Pictures stay out of the copy. Retype exactly the lines below from the one with "Camiseta Gato de" through the one with "3D Isometric Flat".

# Data provided
= = = = =
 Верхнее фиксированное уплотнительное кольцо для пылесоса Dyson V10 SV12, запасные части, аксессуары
= = = = =
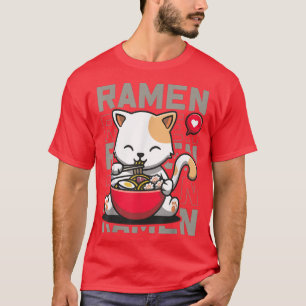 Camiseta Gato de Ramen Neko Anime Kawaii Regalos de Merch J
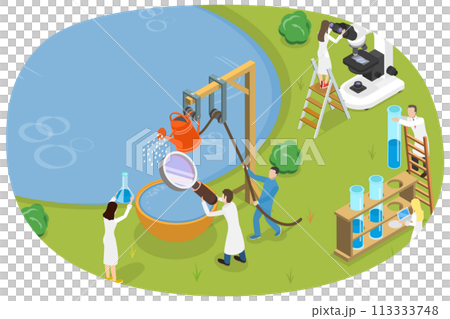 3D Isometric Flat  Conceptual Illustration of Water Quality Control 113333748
= = = = =
# Written answer
 Camiseta Gato de Ramen Neko Anime Kawaii Regalos de Merch J
 3D Isometric Flat  Conceptual Illustration of Water Quality Control 113333748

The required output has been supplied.